══ Task input ══

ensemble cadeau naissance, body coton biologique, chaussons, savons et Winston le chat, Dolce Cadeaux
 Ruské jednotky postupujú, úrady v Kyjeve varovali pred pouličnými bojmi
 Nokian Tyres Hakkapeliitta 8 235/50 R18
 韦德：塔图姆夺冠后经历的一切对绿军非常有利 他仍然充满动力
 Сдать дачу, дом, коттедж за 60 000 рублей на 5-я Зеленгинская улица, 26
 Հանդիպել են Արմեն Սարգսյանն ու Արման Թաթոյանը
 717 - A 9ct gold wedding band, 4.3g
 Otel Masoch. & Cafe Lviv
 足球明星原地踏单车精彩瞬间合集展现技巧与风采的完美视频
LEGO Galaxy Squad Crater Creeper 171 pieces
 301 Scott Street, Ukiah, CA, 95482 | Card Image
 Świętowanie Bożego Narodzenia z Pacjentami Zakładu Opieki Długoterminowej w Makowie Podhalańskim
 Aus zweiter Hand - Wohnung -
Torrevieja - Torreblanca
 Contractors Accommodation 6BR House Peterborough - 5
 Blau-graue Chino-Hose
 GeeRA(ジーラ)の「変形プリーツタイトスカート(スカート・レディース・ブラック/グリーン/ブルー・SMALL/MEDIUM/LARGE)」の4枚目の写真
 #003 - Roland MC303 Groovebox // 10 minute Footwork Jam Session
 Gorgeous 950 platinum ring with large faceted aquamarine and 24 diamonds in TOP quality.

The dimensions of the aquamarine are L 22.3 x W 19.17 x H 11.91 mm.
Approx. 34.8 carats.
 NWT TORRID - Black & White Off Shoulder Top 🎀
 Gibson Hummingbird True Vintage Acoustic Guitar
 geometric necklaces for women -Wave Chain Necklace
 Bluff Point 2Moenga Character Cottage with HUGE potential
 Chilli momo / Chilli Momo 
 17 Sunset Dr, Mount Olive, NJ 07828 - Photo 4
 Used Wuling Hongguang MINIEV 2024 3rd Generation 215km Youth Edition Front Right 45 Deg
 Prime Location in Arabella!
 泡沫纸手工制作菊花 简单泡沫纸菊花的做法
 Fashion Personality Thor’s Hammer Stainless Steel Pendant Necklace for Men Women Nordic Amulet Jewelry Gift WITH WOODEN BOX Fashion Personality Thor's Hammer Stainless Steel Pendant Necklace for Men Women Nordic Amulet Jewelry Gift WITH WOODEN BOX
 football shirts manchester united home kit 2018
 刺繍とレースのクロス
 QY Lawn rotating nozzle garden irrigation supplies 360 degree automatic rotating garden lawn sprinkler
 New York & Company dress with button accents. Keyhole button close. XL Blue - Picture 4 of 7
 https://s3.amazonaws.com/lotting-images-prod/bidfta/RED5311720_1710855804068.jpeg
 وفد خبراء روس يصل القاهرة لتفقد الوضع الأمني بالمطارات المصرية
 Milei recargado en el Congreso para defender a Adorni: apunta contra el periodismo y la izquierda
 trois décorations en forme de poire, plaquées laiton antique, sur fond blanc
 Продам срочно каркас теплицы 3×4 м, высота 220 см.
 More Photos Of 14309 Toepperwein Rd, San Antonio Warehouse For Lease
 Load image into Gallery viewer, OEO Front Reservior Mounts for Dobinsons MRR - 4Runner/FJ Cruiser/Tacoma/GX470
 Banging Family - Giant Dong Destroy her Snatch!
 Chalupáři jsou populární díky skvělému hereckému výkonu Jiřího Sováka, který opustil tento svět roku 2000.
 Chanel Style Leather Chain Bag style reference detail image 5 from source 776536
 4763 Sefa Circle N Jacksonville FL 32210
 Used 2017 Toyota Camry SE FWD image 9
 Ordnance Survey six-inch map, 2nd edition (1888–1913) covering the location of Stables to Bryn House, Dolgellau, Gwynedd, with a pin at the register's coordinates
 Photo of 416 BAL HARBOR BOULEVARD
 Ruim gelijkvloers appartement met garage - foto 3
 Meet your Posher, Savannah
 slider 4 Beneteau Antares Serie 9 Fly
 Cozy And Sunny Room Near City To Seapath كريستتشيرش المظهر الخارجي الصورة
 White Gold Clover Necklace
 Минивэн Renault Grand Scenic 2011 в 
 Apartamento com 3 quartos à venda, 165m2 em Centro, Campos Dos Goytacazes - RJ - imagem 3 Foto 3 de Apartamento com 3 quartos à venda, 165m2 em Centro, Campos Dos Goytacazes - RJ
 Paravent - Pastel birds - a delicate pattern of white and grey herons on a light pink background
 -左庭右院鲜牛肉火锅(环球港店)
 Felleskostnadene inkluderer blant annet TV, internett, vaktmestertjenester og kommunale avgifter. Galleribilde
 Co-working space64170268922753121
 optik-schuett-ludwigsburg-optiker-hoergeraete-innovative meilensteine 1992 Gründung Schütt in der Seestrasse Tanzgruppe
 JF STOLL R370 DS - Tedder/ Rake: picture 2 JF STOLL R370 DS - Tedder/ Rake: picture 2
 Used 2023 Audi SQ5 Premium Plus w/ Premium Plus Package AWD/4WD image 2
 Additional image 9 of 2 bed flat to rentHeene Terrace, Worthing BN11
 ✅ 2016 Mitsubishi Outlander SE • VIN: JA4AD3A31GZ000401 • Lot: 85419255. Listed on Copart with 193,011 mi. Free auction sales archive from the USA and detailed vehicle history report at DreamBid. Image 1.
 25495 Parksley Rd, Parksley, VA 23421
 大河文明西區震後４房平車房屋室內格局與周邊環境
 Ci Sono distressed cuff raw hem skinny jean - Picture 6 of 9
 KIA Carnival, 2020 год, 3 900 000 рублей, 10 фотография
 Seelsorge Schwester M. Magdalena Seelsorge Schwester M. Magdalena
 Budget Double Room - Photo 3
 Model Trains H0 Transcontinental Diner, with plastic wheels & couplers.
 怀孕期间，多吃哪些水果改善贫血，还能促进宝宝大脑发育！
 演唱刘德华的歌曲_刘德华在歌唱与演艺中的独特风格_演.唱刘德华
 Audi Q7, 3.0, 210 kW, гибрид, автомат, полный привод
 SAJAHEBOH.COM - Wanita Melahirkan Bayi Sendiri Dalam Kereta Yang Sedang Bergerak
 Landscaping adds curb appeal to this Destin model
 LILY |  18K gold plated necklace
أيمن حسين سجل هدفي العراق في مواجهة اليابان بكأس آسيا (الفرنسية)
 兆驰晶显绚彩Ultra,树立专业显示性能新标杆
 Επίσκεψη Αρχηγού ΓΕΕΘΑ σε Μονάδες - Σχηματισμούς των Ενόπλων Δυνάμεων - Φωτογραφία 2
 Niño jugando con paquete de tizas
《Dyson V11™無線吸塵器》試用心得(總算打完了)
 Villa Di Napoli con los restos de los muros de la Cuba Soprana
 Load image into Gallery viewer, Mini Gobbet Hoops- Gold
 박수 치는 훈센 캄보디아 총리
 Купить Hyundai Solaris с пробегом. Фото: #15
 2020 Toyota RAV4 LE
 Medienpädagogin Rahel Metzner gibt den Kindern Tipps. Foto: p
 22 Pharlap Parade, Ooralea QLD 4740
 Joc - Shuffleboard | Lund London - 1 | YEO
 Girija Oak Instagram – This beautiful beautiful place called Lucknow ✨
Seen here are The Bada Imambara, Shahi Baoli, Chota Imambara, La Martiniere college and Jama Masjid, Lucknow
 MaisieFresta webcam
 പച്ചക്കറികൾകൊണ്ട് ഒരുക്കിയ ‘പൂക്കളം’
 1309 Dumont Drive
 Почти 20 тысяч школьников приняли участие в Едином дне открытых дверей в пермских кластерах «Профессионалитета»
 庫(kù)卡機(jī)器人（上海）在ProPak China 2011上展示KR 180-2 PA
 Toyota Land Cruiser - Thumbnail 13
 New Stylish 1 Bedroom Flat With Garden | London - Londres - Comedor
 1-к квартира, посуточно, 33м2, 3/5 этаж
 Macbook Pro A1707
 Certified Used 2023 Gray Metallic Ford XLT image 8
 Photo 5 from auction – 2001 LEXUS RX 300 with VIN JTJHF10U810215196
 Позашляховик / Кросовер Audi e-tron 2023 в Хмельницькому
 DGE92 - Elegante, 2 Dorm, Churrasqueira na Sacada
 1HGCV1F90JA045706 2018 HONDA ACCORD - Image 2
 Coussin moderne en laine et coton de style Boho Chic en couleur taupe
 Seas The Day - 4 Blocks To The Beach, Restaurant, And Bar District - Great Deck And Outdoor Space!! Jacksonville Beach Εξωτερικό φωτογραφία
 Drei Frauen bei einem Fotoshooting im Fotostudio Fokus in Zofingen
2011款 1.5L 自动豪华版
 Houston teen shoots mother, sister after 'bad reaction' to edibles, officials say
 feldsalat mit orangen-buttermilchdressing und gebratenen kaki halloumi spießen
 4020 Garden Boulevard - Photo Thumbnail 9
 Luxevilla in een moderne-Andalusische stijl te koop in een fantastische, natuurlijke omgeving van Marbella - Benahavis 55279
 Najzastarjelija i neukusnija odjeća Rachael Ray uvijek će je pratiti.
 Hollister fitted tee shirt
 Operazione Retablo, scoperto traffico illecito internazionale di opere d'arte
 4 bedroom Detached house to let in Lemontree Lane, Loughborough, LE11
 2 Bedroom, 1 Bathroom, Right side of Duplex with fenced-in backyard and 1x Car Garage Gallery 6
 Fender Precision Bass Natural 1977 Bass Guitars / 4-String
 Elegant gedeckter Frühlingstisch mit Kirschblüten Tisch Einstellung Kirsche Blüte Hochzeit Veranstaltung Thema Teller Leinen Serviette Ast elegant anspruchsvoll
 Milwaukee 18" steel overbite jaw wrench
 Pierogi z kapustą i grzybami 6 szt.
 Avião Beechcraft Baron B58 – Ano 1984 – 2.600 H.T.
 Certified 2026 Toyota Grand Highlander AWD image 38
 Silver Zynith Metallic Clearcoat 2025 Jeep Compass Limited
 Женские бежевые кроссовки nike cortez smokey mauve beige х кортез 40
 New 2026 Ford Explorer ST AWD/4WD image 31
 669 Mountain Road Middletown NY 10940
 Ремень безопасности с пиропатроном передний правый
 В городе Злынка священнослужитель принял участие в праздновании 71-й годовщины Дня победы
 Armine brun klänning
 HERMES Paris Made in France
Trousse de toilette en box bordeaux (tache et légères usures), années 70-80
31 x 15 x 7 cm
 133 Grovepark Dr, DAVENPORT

═══

Scan the records above and count the lines that contain "from". No text besides the count.

3